Sicher, sauber und bezahlbar...

...ist das Credo moderner sozialdemokratischer Energiepolitik. Während Schwarz-Gelb mit dem „Atom-Moratorium“ auf die Verzögerungstaktik setzt, zeigt die SPD-Bundestagsfraktion, was jetzt getan werden muss, um die Energiewende zu schaffen. Die beiden Fraktions-Anträge „Energiewende jetzt“ und „Auf dem Weg zu einem nachhaltigen, effizienten, bezahlbaren und sicheren Energiesystem“ liegen dem Bundestag vor und machen deutlich: Die Energiewende ist auch für ein Industrieland wie Deutschland machbar und finanzierbar. Wichtiger Eckpunkt: Der Energiemarkt muss sich für einen zunehmenden Anteil variabel und dezentral eingespeisten Stroms aus direkt vermarkteten Erneuerbaren Energien öffnen.

Investieren in die Infrastruktur

Damit das gelingt, setzt sich die SPD-Bundestagsfraktion unter an derem dafür ein, dass alle Akteure der deutschen Energieversorgung an einem Runden Tisch „Energiesystem“ zusammenkommen. „Deutschlands Infrastruktur ist eindeutig nicht gut gewappnet für die Herausforderungen, die vor uns liegen“, meint der stellvertretende Vorsitzende der SPD-Bundestagsfraktion Ulrich Kelber: weder bei Kraftwerken noch bei den Stromnetzen oder der Gebäudestruktur und auch nicht beim Verkehr. „Die ganze Situation hat sich seit Amtsantritt von Schwarz-Gelb allein dadurch verschlechtert, dass keiner mehr wusste, in welche Richtung er investieren soll“, kritisiert Kelber. Die SPD-Bundestagsfraktion setzt sich deshalb auch für einen zukunftsfähigen Investitions- und Infrastrukturkonsens ein. Er soll sowohl Investitionen und Finanzierung als auch die gesellschaftliche Akzeptanz für wichtige Infrastrukturprojekte sichern.

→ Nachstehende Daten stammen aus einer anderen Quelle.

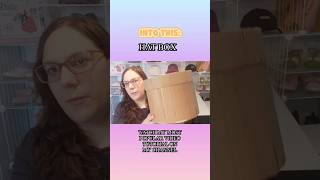 My Most Popular Video  Hat Box Short diy hatbox upcycledcrafts [upl. by Eemla667]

Konsequent und transparent  

Die SPD-Bundestagsfraktion ist auch überzeugt: Diese gesellschaftliche Akzeptanz kann nur gelingen, wenn die künftige Infrastruktur- und Energiepolitik wieder öffentlich und in demokratisch gewählten Gremien stattfindet – und nicht über Geheimverträge und Hinterzimmer-Deals. Ein neuer Energiekonsens nebst Atomausstieg muss gemeinsam mit allen Fraktionen im Bundestag erarbeitet und nicht in andere Gremien ausgelagert werden. Die SPDBundestagsfraktion hat deshalb einen Gesetzentwurf für eine beschleunigte Stilllegung von Atomkraftwerken vorgelegt und einen Sonderausschuss des Bundestags zum Thema vorgeschlagen.